Każdy taki eksperyment, nawet jeśli nie daje gotowego rozwiązania, wstrząsa mózgiem i uplastycznia naszą świadomość. A jeśli rozwiązania uzyskane w fantastycznych warunkach zdołają "ugruntować" Twój prawdziwy problem - bingo, jesteś na dobrej drodze!

10. Zmniejsz stopień perfekcjonizmu

Perfekcjonizm jest bardziej prawdopodobny niż wierny pomocnik. Jeśli dążysz do perfekcji i boisz się uzyskania niedoskonałych rezultatów, nigdy nie zaczniesz – strach cię powstrzymuje i ogranicza myślenie.

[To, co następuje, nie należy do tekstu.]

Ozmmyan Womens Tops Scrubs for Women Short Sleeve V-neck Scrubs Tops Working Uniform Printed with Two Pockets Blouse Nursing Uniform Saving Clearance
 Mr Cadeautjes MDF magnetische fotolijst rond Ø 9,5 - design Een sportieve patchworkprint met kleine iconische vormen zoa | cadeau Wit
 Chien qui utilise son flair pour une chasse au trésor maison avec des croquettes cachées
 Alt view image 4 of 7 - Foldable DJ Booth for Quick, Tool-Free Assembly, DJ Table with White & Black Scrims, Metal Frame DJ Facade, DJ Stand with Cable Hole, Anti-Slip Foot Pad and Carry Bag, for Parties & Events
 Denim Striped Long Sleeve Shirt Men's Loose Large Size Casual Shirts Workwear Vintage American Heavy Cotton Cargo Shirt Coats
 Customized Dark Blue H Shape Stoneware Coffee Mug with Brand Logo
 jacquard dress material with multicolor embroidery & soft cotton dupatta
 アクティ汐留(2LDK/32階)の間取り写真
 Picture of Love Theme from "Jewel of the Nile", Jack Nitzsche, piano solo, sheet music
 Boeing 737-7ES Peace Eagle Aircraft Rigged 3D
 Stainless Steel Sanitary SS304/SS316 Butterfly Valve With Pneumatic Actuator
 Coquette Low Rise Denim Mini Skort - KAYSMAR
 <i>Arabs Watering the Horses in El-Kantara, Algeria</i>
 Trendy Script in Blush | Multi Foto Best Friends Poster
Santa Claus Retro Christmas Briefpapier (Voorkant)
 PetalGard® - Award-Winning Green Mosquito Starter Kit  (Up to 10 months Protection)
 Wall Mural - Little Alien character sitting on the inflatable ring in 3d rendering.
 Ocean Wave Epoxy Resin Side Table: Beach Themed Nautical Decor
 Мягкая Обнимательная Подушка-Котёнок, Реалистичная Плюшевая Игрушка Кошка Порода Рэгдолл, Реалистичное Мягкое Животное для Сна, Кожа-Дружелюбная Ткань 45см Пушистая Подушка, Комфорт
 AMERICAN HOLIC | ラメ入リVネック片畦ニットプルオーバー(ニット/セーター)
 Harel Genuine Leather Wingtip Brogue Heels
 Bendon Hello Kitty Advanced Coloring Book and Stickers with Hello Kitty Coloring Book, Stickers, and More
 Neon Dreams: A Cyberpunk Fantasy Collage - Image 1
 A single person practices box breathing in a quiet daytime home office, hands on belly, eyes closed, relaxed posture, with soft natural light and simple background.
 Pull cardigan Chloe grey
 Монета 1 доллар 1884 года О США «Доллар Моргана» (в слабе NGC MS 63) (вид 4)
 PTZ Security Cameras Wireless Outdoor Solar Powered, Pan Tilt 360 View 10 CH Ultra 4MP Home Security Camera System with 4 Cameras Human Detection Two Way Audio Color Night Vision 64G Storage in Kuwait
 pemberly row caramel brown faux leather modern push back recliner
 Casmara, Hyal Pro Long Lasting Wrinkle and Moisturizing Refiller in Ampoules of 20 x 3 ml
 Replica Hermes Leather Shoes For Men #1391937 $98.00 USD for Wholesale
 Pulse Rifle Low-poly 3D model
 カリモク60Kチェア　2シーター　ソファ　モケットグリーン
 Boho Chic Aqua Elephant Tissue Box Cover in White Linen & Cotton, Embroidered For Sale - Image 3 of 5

Zaczynamy się bać absurdalnych pomysłów, odrzucając wszystko, co nie zostało sprawdzone przez doświadczenie i ryzykuje niedoskonałość.

Ponadto perfekcjoniści spędzają więcej czasu w pracy: zamiast po prostu dobrze sobie radzić, osoba ponownie sprawdza wykonaną pracę w kółko. Jest mało prawdopodobne, abyś osiągnął najlepszy wynik: czasami wystarczy złapać pomysł, odpuścić siebie i swoje wątpliwości.